In whole exome calls you only ever get results for positions that are variant when compared to the reference - invariant or wild-type positions are only inferred. This is fine when only looking at one sample. However, when comparing lots of samples to each other - either as part of a trio study or larger cohort analysis - it is not immediately obvious that a non-variant position is due to no data or a truly reference allele call.
This causes a problem where, say, a patient with a condition has a mutant allele at a position, but their parents have no calls at that position. That could either be because they are both WT for that allele, and the patient has a spontaneous mutation, or they have low/no read coverage at that position and so there is no call. In the latter case it still looks like the patient has a spontaneous mutation, but it could be that one or both parents have the allele and thus is a false-positive candidate mutation in the patient.
The only way I see of resolving this is to go back to the BAM files and check all invariant calls, where there is a candidate mutation in the patient, for read depth at that position.
Is anyone else looking at this?

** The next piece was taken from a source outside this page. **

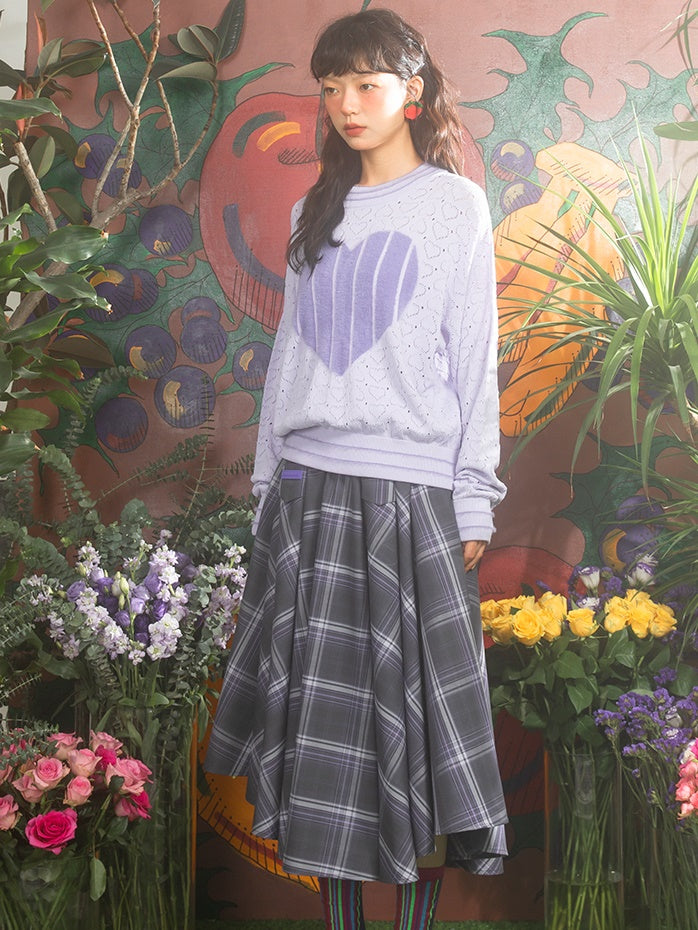 Plaid Irregular Hem A-line Mid-length Skirt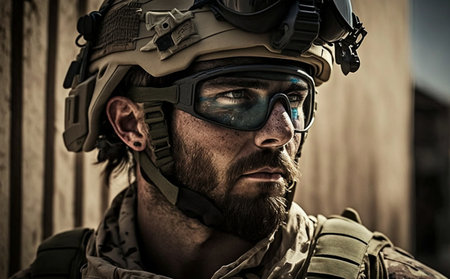 an adult man, soldier in uniform with hard hat and goggles and beard with microphone, dirty or dirty face, strong penetrating gaze, soldier in war, fictional place and person. Generative AIの素材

Or are there tools that do this already? Or do people just rely on confirmation with Sanger seq?
I'd be grateful for any comments or suggestions. Thks
Thanks for the reply.
Could you elaborate a bit on what you mean by 'well characterised reference positions', please? Do you mean known genotypes at cetain loci for all three samples? Or something else?
Known genotypes of good quality and coverage was what I was driving at, regardless of actual genotype, and yes in all 3 samples.